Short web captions
####################

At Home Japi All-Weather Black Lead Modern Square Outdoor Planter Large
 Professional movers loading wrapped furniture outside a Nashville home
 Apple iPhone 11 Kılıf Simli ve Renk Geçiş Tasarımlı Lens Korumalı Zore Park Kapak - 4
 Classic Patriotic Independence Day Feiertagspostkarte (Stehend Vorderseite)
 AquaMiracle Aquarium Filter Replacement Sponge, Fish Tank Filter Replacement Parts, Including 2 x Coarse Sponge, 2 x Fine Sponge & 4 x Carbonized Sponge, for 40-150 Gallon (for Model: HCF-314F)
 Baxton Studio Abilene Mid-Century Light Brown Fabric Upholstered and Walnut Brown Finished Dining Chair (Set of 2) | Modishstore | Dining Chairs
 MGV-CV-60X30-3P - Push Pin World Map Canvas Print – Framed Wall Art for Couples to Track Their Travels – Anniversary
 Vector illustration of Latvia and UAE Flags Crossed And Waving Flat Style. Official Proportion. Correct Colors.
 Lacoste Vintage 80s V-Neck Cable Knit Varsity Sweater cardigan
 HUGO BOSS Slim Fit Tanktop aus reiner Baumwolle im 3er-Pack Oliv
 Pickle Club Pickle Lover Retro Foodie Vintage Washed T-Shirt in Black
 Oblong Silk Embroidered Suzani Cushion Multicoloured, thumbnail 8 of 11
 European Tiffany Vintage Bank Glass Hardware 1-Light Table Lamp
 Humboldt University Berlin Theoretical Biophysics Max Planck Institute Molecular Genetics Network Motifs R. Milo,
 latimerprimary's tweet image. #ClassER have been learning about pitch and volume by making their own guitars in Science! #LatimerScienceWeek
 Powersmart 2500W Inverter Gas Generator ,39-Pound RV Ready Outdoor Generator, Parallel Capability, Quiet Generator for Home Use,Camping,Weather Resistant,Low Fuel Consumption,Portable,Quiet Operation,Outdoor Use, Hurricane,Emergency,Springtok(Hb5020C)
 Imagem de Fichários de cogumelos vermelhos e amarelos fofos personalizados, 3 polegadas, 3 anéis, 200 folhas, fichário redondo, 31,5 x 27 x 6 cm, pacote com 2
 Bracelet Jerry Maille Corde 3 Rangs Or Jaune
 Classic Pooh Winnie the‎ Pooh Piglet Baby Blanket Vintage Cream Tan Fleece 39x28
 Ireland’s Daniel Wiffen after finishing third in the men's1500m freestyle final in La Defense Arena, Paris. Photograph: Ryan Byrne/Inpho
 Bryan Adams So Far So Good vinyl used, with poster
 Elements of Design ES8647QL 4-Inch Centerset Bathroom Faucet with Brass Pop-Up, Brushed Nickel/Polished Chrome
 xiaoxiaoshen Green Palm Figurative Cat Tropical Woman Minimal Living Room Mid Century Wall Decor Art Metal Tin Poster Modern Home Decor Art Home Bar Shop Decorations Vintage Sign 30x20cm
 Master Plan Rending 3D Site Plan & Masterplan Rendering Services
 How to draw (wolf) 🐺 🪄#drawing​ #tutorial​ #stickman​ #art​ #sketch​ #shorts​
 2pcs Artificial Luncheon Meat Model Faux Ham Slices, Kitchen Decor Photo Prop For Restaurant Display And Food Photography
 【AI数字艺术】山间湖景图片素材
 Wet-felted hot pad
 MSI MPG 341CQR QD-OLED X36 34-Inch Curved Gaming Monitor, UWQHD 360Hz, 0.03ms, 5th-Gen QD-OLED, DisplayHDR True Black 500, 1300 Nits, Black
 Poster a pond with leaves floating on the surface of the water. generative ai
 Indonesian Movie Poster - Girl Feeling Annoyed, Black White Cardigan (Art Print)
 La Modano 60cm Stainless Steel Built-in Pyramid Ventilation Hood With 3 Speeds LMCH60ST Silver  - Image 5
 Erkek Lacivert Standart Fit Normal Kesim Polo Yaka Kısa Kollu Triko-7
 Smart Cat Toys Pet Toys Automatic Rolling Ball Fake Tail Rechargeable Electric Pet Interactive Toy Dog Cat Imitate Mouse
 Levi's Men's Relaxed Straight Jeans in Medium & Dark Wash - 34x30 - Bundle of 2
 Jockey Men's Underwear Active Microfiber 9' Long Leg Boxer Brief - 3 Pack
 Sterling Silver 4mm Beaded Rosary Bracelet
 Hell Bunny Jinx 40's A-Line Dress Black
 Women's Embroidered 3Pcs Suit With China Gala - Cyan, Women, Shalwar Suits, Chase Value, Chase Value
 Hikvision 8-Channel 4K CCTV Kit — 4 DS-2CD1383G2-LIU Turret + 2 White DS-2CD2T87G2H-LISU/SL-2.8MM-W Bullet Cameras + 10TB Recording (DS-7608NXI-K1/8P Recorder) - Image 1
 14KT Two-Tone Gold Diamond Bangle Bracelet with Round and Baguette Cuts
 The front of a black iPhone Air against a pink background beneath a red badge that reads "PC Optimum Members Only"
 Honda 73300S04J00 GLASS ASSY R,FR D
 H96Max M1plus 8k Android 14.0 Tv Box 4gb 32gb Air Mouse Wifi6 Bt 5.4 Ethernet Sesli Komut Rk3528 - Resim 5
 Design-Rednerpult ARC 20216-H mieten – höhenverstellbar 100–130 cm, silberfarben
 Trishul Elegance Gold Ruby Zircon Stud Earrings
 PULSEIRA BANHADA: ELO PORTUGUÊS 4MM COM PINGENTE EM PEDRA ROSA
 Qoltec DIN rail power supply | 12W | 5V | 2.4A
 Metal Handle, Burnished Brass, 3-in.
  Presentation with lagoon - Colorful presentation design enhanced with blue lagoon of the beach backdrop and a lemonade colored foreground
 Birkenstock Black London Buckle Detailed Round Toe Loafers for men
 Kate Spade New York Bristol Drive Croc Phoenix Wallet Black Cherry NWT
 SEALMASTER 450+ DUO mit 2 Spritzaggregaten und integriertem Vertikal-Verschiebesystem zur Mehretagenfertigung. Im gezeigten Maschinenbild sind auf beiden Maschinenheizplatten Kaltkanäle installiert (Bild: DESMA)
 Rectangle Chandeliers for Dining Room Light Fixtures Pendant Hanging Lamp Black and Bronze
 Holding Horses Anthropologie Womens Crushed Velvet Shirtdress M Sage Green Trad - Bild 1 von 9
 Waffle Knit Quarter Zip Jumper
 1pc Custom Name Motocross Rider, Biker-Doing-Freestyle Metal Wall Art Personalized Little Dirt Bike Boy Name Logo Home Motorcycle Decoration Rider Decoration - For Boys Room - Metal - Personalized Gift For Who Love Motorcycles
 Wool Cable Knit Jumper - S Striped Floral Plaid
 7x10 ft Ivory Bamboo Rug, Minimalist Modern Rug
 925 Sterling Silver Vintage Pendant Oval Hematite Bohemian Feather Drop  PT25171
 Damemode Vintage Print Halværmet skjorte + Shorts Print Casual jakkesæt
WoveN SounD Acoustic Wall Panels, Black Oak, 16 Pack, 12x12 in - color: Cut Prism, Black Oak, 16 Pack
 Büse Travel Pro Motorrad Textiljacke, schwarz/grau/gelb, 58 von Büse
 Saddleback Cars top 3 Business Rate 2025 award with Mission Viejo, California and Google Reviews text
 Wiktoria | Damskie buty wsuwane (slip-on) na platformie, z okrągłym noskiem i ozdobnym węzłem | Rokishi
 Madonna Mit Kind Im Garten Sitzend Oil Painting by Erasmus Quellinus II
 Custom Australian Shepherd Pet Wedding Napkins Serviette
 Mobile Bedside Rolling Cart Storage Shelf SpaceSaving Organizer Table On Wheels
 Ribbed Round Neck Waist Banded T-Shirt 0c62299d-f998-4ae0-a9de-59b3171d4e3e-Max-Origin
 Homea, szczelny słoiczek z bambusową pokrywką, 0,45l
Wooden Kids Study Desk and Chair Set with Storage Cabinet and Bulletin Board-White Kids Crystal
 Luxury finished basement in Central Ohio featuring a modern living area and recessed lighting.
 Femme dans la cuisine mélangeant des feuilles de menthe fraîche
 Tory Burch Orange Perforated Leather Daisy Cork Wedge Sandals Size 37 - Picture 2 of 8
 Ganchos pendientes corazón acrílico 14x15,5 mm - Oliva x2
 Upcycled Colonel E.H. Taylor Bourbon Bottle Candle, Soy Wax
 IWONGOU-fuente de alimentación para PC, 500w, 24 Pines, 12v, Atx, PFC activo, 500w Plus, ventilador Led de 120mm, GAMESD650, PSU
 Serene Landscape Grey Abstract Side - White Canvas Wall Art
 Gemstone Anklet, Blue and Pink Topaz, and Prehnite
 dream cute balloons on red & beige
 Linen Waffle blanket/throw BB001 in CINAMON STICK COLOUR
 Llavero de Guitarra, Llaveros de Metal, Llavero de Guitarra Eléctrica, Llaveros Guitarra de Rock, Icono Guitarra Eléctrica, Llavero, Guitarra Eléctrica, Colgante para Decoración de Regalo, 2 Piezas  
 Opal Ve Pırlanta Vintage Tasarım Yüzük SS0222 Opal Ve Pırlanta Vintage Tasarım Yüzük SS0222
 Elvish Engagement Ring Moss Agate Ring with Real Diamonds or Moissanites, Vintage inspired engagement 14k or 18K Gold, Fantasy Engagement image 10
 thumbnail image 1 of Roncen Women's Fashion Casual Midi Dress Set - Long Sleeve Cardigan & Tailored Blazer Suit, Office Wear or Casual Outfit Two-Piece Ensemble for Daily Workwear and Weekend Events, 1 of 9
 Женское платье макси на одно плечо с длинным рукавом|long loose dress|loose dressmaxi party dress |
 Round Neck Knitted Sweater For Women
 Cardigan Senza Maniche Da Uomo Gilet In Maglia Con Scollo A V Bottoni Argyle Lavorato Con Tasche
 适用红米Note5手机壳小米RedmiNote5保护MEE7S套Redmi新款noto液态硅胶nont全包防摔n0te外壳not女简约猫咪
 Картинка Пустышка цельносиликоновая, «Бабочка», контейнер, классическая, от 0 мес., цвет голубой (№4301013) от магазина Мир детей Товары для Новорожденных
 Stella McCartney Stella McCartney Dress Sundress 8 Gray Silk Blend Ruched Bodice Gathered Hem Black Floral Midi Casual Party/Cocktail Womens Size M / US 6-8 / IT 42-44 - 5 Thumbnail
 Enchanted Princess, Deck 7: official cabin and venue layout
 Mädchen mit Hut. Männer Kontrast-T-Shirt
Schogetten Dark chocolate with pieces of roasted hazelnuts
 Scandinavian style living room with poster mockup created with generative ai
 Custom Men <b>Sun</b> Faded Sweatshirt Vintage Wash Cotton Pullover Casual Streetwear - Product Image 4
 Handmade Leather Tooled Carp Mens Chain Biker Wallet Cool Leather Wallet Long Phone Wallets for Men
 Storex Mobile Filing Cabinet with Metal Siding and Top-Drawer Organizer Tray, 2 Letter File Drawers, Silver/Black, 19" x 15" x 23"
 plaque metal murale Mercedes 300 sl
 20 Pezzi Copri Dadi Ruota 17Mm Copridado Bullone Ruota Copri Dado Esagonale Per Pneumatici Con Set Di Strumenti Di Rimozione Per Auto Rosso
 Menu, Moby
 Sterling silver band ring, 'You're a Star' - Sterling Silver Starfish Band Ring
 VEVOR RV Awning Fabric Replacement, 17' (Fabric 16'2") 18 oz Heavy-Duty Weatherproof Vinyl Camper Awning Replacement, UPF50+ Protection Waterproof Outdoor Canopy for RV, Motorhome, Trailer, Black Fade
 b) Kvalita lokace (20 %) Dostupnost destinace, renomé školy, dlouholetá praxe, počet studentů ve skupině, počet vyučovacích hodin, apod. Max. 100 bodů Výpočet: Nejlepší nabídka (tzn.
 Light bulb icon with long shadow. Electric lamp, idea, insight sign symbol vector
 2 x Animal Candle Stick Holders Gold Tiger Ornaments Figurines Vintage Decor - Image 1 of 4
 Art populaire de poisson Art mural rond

####################

=== Instructions for the task ===
Give back, word for word, only the lines above from the line holding "Schogetten Dark chocolate" to the line holding "Handmade Leather Tooled", both included.

=== Written solution ===
Schogetten Dark chocolate with pieces of roasted hazelnuts
 Scandinavian style living room with poster mockup created with generative ai
 Custom Men <b>Sun</b> Faded Sweatshirt Vintage Wash Cotton Pullover Casual Streetwear - Product Image 4
 Handmade Leather Tooled Carp Mens Chain Biker Wallet Cool Leather Wallet Long Phone Wallets for Men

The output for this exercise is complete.